I had some things ready for when they hatched but i wanted to know if there is anything special i have to do for them.

I have small deli cups to separate them

pinhead crickets

excelsior ( shredded corn husk )

Heat mat and heat lamps

well i feel kinda embarrassed to ask but if someone could please answer my questions that would be great, I'm fully aware that i could find answers to these questions on google but i want to be sure and i know alot of you have valuable tips

1. When is it ok to handle them ? ( i want to get them into individual containers )

2. When should i start feeding them ? ( it says to wait two days before feeding them )

3. How do i breed fruit flies ? ( here in Mexico none of the pet stores carry any type of fruit flies and ordering via internet is very difficult )

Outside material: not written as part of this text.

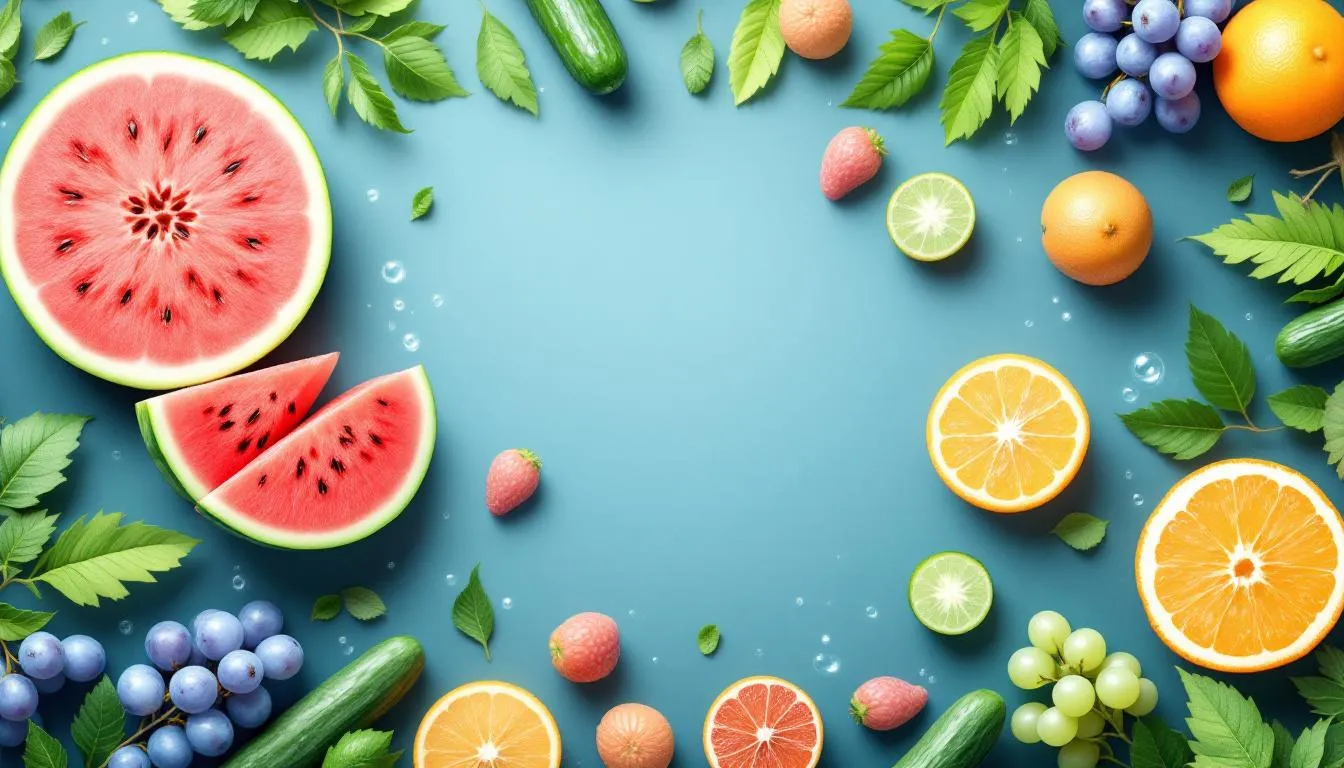 A variety of water-rich foods and drinks to promote hydration in older adults.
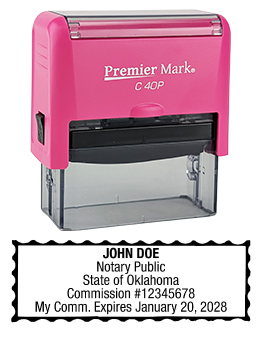 Oklahoma Pink Notary Rubber Stamp - Complies to Oklahoma notary requirements. Pink Stamp Frame. Premium Quality and thousands of initial impressions. Quick Production!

4. How often Should I mist them ?

5. How often should i feed them ?

Question number 3 is by far the one that i need help with the most. Where i live it is difficult to get any type of feeder insects other than crickets

thank you all for reading this and if you answered one or all of my questions, thank you so so much  

Ivan Reyes

















^from last night

v from this morning


----------



## hierodula (Jan 6, 2013)

Feed them after a day, but i would mist lightly now so they can drink

I would move them to a bigger container and then try to separate, cause you might squish some in the lid.  good luck!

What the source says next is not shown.